Consigli Pratici per la Guida nelle Dolomiti
Per un tour in moto Dolomiti senza intoppi, segui questi suggerimenti:
- Controlla le condizioni meteo: Usa app come Meteo.it per previsioni aggiornate. Evita di guidare in caso di pioggia intensa, soprattutto sui passi.
- Rispetta i limiti di velocità: Sui passi, il limite è spesso 30-50 km/h. Multe salate possono rovinare il viaggio.
- Fai soste frequenti: Ogni 60-80 km, fermati per idratarti e controllare la moto. Le stazioni di servizio sono rare sui passi.
- Attenzione agli animali: Cervi e caprioli possono attraversare la strada, specialmente all'alba e al tramonto.
- Usa il casco integrale: Protegge meglio dal vento e da eventuali detriti.
Gli esperti consigliano di evitare i weekend di luglio e agosto, quando il traffico sui passi principali è più intenso. Le strade secondarie come il Passo di Sant'Uberto e il Passo Stalle sono meno frequentate anche nei periodi di punta.
Dove Mangiare e Dormire: Tappe per Motociclisti
Ecco alcune tappe consigliate per il tuo moto tour Dolomiti:
- Bolzano: Hotel Greif (parcheggio custodito) e Ristorante Vögele per piatti tipici altoatesini.

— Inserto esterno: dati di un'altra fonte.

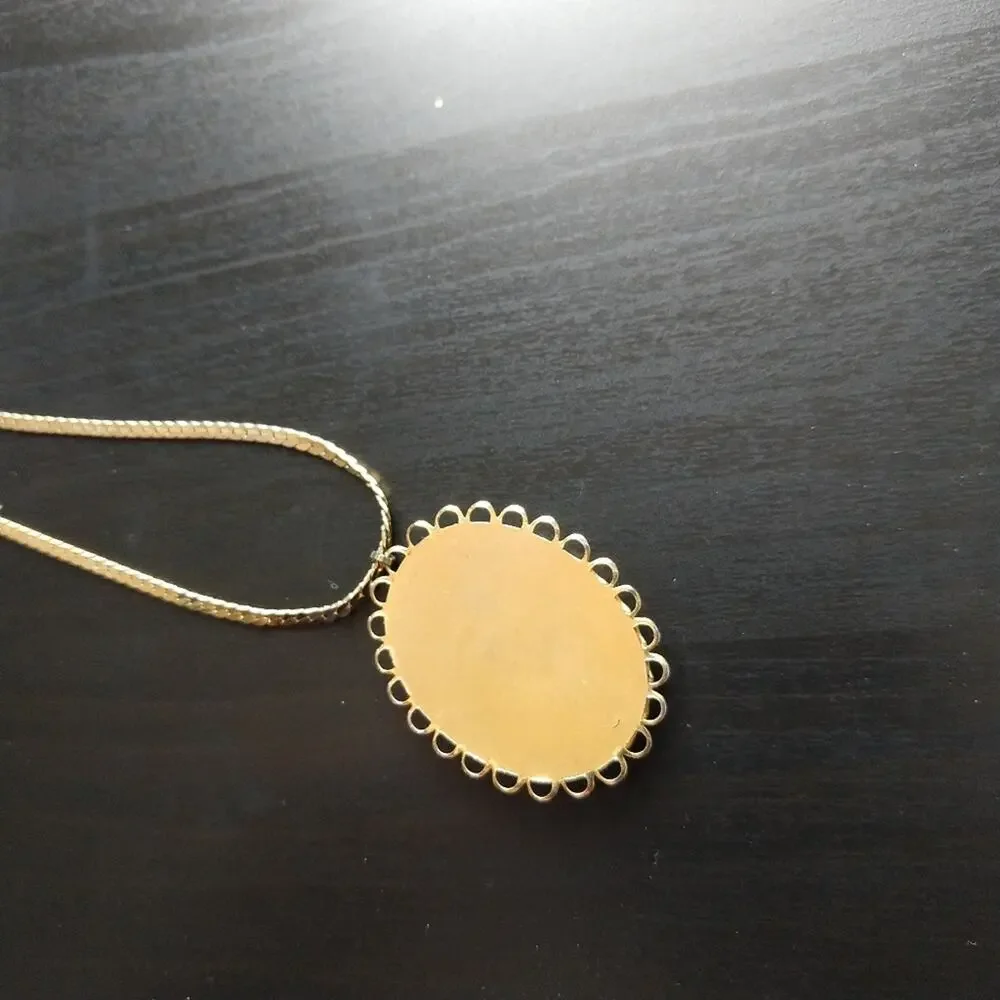 Statement Necklace large Jasper-like Stone Pendant gold flat chain NOS princess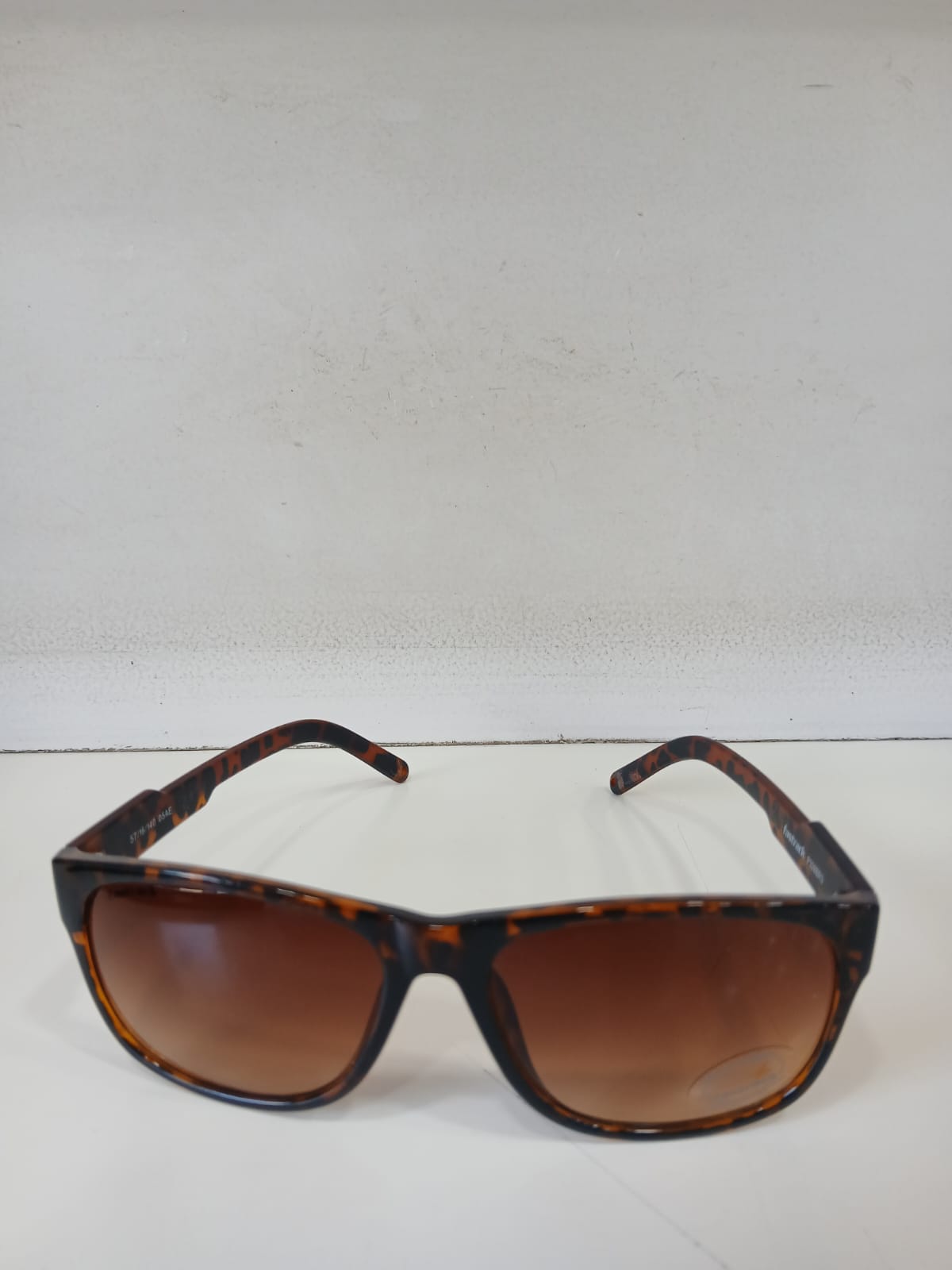 sunglasses - Brown Thumbnail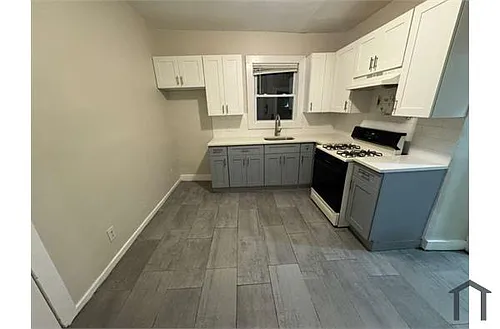 93 N 15th St #1 Photo 1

- Cortina d'Ampezzo: Hotel Montana (parcheggio moto) e Ristorante El Camineto per canederli.
- San Candido: Hotel Tyrol (garage moto) e Trattoria Al Cervo per funghi porcini.

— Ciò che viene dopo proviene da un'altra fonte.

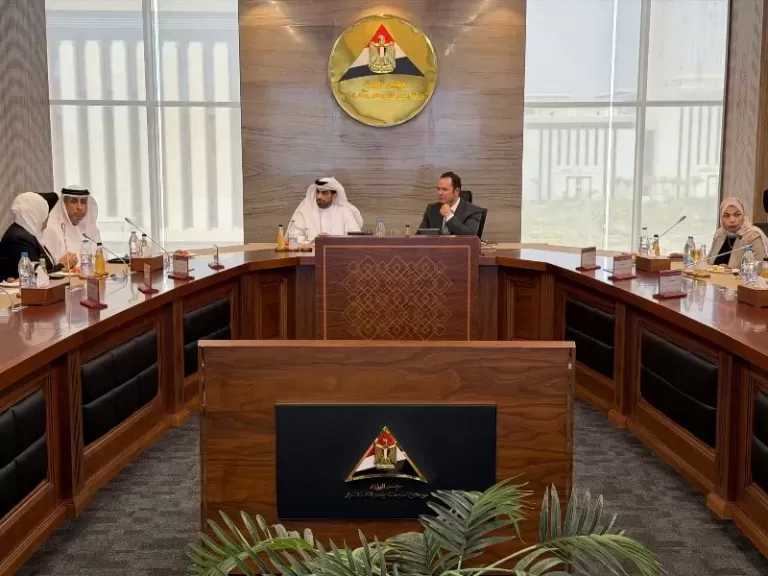 ”معلومات الوزراء” يستقبل وفدًا رفيع المستوى من إمارة الشارقة لبحث تعزيز التعاون بين الجانبين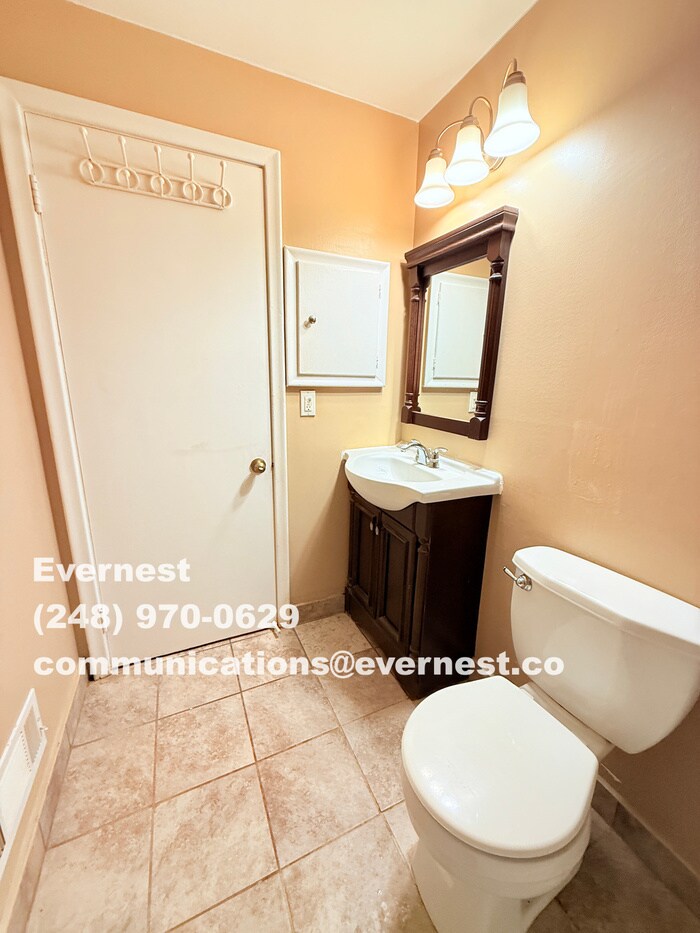 Building Photo - 17252 Sunnybrook Dr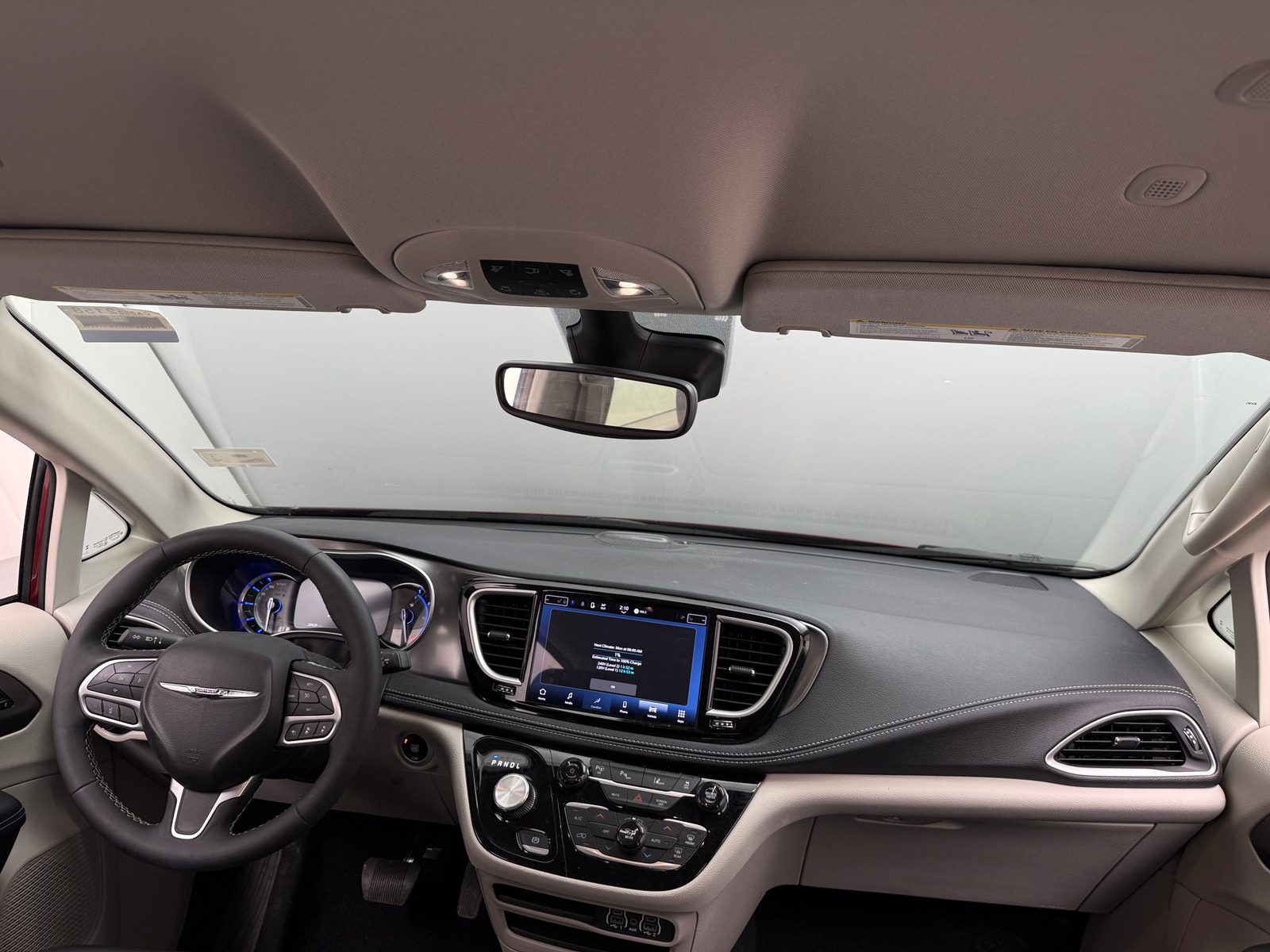 Thumbnail: 2023 Chrysler Pacifica - 2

- Merano: Hotel Terme Merano (parcheggio) e Biergarten Meran per birra e speck.
- Bormio: Hotel Bormio Terme (parcheggio) e Ristorante Al Filo per pizzoccheri.
Molti hotel offrono sconti per motociclisti e dispongono di attrezzi per piccole riparazioni. Prenota sempre con anticipo, specialmente in alta stagione.
FAQ sul Tour in Moto delle Dolomiti
Qual è il miglior periodo per un tour in moto Dolomiti?
Il periodo migliore è da giugno a settembre. Luglio e agosto sono i mesi più affollati, ma le temperature sono miti. Settembre offre colori autunnali e meno traffico.
Come evitare il traffico sui passi più famosi?
Scegli strade secondarie come il Passo di Giau, Passo di Sant'Uberto e Passo Stalle. Parti presto al mattino (entro le 7:00) e evita i weekend.
Meglio noleggiare o portare la propria moto?
Se vieni da lontano, noleggiare è comodo. Aziende come MotoDolomiti offrono modelli enduro. Portare la propria moto è meglio se hai già un mezzo adatto alle strade di montagna.
Quali sono le condizioni delle strade secondarie?
Le strade secondarie sono generalmente asfaltate, ma possono presentare ghiaia, buche o tratti sterrati. Controlla le condizioni su Dolomiti.org prima di partire.
È necessario portare catene da neve?
Anche in estate, nevicate improvvise possono verificarsi a quote sopra i 2.500 m. Porta catene leggere per moto per sicurezza.
Con questa guida, il tuo tour in moto Dolomiti sarà un'esperienza indimenticabile, fatta di curve, panorami e sapori autentici. Prepara la moto, segui l'itinerario e scopri il lato meno battuto di queste montagne leggendarie.